• PROBLEM STATEMENT: Write out the lines of the records from the one containing "1258 Umber Willow Drive Property Photo 13" to the very last, keeping each exactly as it is.

• TASK DATA:

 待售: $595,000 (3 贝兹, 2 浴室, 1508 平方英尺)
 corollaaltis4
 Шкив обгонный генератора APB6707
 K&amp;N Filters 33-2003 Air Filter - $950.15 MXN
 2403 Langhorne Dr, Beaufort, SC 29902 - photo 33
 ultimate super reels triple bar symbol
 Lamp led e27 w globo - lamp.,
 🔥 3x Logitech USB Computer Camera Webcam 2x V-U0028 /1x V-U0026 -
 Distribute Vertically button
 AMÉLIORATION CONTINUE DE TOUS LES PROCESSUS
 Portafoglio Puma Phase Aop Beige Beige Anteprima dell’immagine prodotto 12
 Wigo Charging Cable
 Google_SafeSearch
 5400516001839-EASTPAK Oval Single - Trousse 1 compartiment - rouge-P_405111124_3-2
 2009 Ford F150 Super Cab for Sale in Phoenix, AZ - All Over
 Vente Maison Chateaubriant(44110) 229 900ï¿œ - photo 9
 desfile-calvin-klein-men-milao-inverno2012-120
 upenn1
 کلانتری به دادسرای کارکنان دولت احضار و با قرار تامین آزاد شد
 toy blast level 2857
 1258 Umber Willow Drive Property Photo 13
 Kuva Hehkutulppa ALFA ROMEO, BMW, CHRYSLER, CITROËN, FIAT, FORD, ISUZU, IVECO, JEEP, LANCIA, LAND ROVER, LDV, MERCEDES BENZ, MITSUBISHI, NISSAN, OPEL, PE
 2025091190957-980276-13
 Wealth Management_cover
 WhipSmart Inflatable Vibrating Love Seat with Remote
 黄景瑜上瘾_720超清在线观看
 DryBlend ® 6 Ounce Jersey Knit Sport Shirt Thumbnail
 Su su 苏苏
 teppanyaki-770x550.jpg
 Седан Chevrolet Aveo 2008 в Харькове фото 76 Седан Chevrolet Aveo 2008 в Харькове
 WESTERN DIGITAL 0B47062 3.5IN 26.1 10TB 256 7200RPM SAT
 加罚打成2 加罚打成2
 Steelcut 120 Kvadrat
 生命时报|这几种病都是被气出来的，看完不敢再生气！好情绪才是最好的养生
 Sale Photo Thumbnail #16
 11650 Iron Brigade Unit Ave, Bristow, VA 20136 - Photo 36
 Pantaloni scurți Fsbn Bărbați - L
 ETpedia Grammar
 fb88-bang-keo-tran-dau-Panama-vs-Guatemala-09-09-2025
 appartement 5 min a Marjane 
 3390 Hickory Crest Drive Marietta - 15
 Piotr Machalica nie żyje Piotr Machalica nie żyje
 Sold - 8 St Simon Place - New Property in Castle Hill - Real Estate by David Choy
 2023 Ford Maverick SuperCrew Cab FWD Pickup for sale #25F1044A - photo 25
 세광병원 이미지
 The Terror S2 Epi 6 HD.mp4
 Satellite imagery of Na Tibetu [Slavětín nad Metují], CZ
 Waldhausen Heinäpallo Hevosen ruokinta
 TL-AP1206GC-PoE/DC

• RESULT FOR THIS TASK:
 1258 Umber Willow Drive Property Photo 13
 Kuva Hehkutulppa ALFA ROMEO, BMW, CHRYSLER, CITROËN, FIAT, FORD, ISUZU, IVECO, JEEP, LANCIA, LAND ROVER, LDV, MERCEDES BENZ, MITSUBISHI, NISSAN, OPEL, PE
 2025091190957-980276-13
 Wealth Management_cover
 WhipSmart Inflatable Vibrating Love Seat with Remote
 黄景瑜上瘾_720超清在线观看
 DryBlend ® 6 Ounce Jersey Knit Sport Shirt Thumbnail
 Su su 苏苏
 teppanyaki-770x550.jpg
 Седан Chevrolet Aveo 2008 в Харькове фото 76 Седан Chevrolet Aveo 2008 в Харькове
 WESTERN DIGITAL 0B47062 3.5IN 26.1 10TB 256 7200RPM SAT
 加罚打成2 加罚打成2
 Steelcut 120 Kvadrat
 生命时报|这几种病都是被气出来的，看完不敢再生气！好情绪才是最好的养生
 Sale Photo Thumbnail #16
 11650 Iron Brigade Unit Ave, Bristow, VA 20136 - Photo 36
 Pantaloni scurți Fsbn Bărbați - L
 ETpedia Grammar
 fb88-bang-keo-tran-dau-Panama-vs-Guatemala-09-09-2025
 appartement 5 min a Marjane 
 3390 Hickory Crest Drive Marietta - 15
 Piotr Machalica nie żyje Piotr Machalica nie żyje
 Sold - 8 St Simon Place - New Property in Castle Hill - Real Estate by David Choy
 2023 Ford Maverick SuperCrew Cab FWD Pickup for sale #25F1044A - photo 25
 세광병원 이미지
 The Terror S2 Epi 6 HD.mp4
 Satellite imagery of Na Tibetu [Slavětín nad Metují], CZ
 Waldhausen Heinäpallo Hevosen ruokinta
 TL-AP1206GC-PoE/DC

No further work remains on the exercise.